In a few short months, local researchers will have access to information unlike ever before.
The University of Northern B.C. is building a Statistics Canada Research Data Centre. The small room, tucked into the entrance of its library, is almost fully furnished save for four computers that will give it a direct line into confidential microdata owned by the government agency.
It will be one of 31 research locations in Canada and five in B.C. It will be Canada's second most northern site, south only to Yellowknife's in the Institute for Circumpolar Health Research.
Now the new centre's academic director won't have to travel to Edmonton or Vancouver to do her work. Before Cindy Hardy spent days at a time in those far-off centres, often doing several costly return trips for one study.
The whole time Hardy stands in the new room, she wears a wide grin and her sentences are punctuated by laughter.
Being a researcher, she explains, is like having permission to play all the time.
With the data centre in Prince George, "it's like having the sandbox open."
Before researchers like her can jump in - likely by the end of December or January - the equipment needs to arrive, get installed and inspected by Statistics Canada to ensure it's secure. But it still feels very close to Hardy since "RDC@UNBC" has been years in the making.
"The data sets are fabulous. As a researcher you can't ask for better... They're beautifully designed and set up, the sample is good... (It's a) good representative sample of Canadians," says Hardy, who credits now retired data librarian Gail Curry for pushing the project for so many years and current librarian Allan Wilson for continuing those efforts.
The startup costs are about $67,000 and annual operating costs are about $64,000.
In the north, it can be difficult getting samples that are large enough and representative of the population, which Hardy hopes this can help solve.
"An individual researcher can't do that kind of data collection," says Hardy, who as a developmental psychologist loves a longitudinal study that follows children from birth to age 16.
The public use files available outside of these centres have all identifiers eliminated. That affects community level work because most of the geographic information is removed "with the exception, in most cases, of the province and health region where the respondent resides," says Statistics Canada.
Hardy is planning presentations to show datasets researchers can mine - all touching on social issues - like surveys of perceptions of neighbourhood environments, blood samples for measuring exposure to toxins, drug abuse, and census data.
A lot of the Statistics Canada surveys are health-related - a boon for Northern Health analysts.
"It just strengthens our ability to understand the environment in which we work in the north. It brings the population data, particularly," says Fraser Bell, the health authority's vice president of planning, quality and information management.
"You can get aggregates of data publicly but to have the access through the research partnerships that we're involved into this kind of information... will be a real advancement."
A strong local university in the north is good for the north, says Bell, praising its leadership and work to involve Northern Health as well as the Northern Medical Program and other local partners over the last two years.
"With these partnerships it's so heartening to see a vision realized," Bell says. "Especially in the north research is done collaboratively.
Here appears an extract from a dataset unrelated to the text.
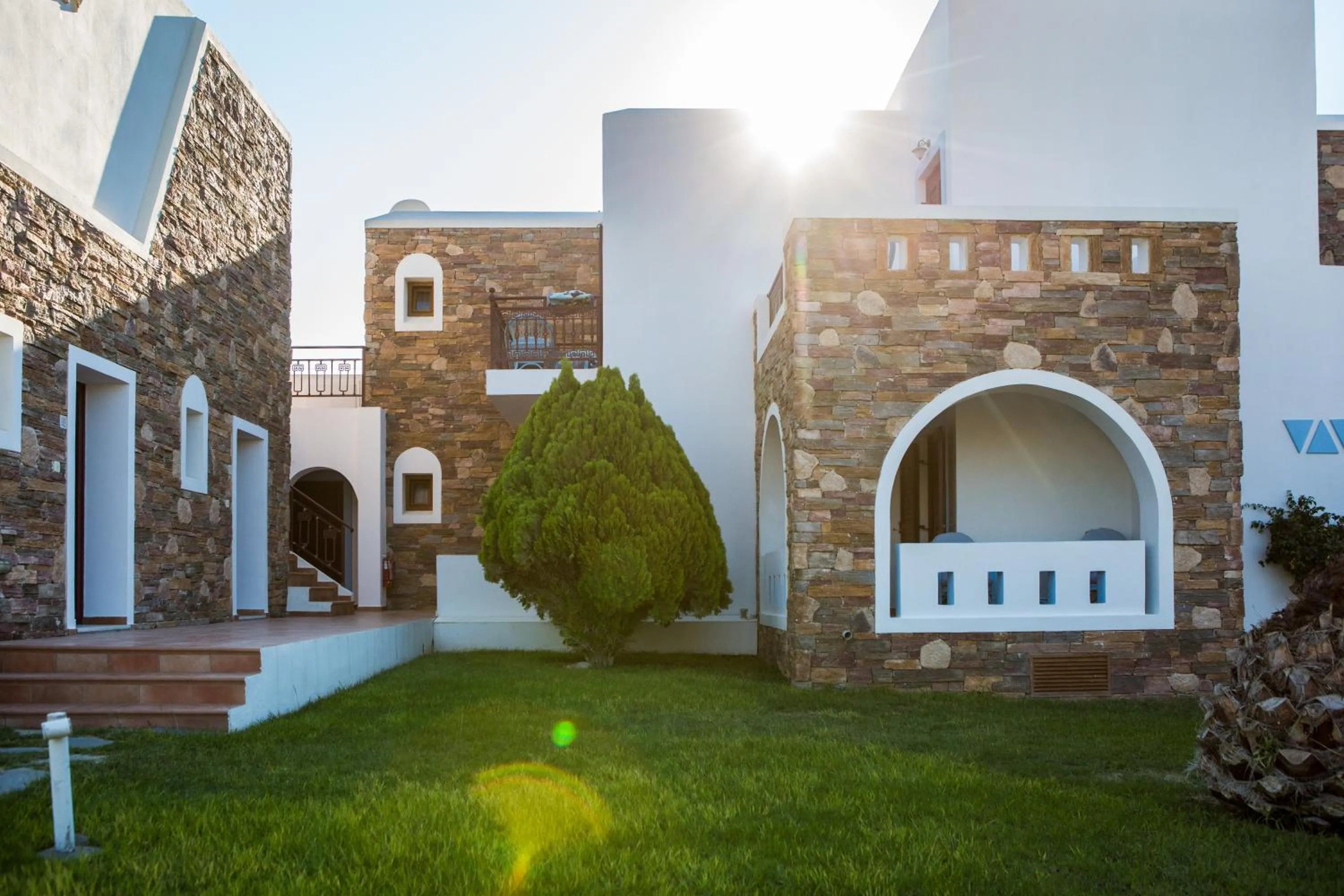 Garden view in Plaza Beach Hotel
It very seldom is done by researchers in isolation."
Hardy estimates about six UNBC professors have used a data centre before, but knows of several in line already for the resource. Once the computers are set up only those who are trained, have approved projects and have sworn an oath of secrecy, will be allowed to punch in the pass code locking everyone else out. It can't be used by the police or for commercial purposes. The room also blocks wifi signals and the system connects only to Statistics Canada servers.
"It's a very unique process. We don't encounter anything like this in our research," says Hardy.
Any notes taken in those rooms must stay and academics leave only with the final product, an output that is reviewed by a Statistics Canada analyst to ensure no confidential information leaves the room.
The Canadian Research Data Centre Network was established in 2000, when the first centre opened at McMaster University. In September, the federal government announced $14.5 million in renewed funding for the network, which includes more than 1,600 researchers.
"We are a pan-Canadian organization producing world-class research," says Joe Difrancesco, the networks operations manager.
"The research coming out of the universities is fundamental to impacting public policy to better the lives of Canadians from coast to coast."
The City of Prince George's manager of social development says the data centre will help its efforts around health and well-being for children and families and a collective impact approach to achieve large-scale social change.
"One of the elements of collective impact is good baseline data and ongoing tracking of data so you can know if you've made progress towards the achievement of your vision," says Chris Bone.
She's particularly interested in food security and to see if they can access neighbourhood-specific rates of poverty.
While the city can get high level data from public Statistic Canada files, she sees a couple issues with how it works.
"Sometimes it's such an aggregate number it's not actually valuable when you're trying to target a desired outcome," she said and "often it doesn't relate to neighbourhood or things we need."
It also creates more opportunity for the city to strengthen its relationship with UNBC, she said, and work with researchers that understand the Prince George context.
That's exactly it, says Hardy.
"We need more research about what's going on in northern B.C. We don't know enough about what's actually going on in the ground," she says, and while there are some gaps when it comes to rural and remote communities more research about the north by the north is good for the region.
"That's what the whole idea is: to increase the number of researchers... increase the quality of research and volume."